Rosa Luxemburg and the Collapse of Capitalism
Fifty years ago on 6th January began the hopeless Spartakist rising against the Social Democrat government of Germany. It led to the brutal murder of Karl Liebknecht and Rosa Luxemburg, two well-known and courageous opponents of the first world slaughter. Luxemburg, as an opponent of both reformism and Bolshevism who understood the worldwide and democratic nature of socialism, had views on many subjects near to those of the Socialist Party of Great Britain. However, there were certain basic differences between our views and hers. The following article discusses one of them: the collapse of capitalism.
Rosa Luxemburg was murdered on January 15 1919. Her head was first smashed in with the butt of a soldier’s rifle and she was then dumped in the Landwehr Canal. With her death, the uprising of the Spartakus Bund in Berlin collapsed—as it had been doomed to do all along. In fact, the real tragedy of this affair was not its brutality but the waste of it all. Why had Luxemburg allowed herself to become involved in such a useless adventure in the first place?
The only adequate explanation seems to lay in her conviction that capitalism had been driven to an impasse, that its internal contradictions had brought it to the point of breaking down.
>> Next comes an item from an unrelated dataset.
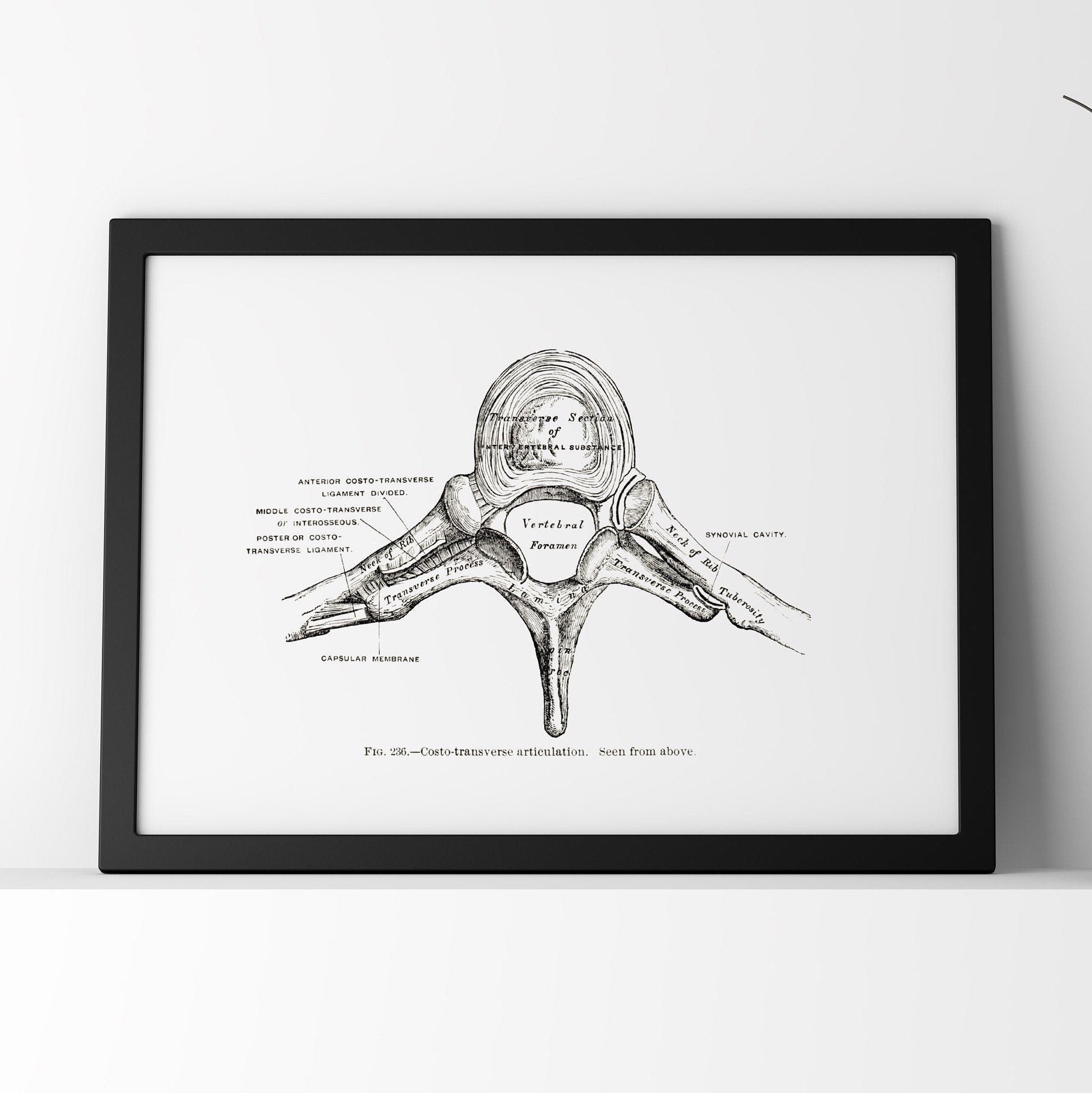 Vertebra Costotransverse Articulation Spine Vintage Osteology Etsy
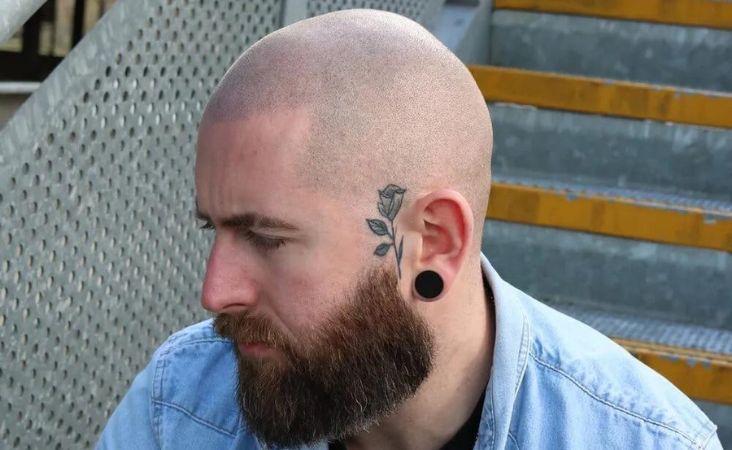 tratamiento para la perdida de cabello sin cirugia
Speaking to the founding congress of the Communist Party of Germany on 3Oth December 1918, she had outlined her analysis of the current situation:
“I need hardly say that no serious thinker has ever been inclined to fix upon a definite date for the collapse of capitalism; but after the failures of 1848, the day for that collapse seemed to lie in the distant future. We are now in a position to cast up the account, and we are able to see that the time has really been short in comparison with that occupied by the sequence of class struggles throughout history… what has the war left of bourgeois society beyond a gigantic rubbish heap? Formally, of course, all the means of production and most of the instruments of power, practically all the decisive instruments of power, are still in the hands of the dominant classes. We are under no illusions here. But what our rulers will be able to achieve with the powers they possess, over and above frantic attempts to re-establish their system of spoliation through blood and slaughter, will be nothing more than chaos. Matters have reached such a pitch that today mankind is faced with two alternatives: it may perish amid chaos, or it may find salvation in socialism …. Socialism is inevitable, not merely because the proletarians are no longer willing to live under the conditions imposed by the capitalist class, but, further, because if the proletariat fail to fulfil its duties as a class, if it fails to realise socialism, we shall crash down together to a common doom.”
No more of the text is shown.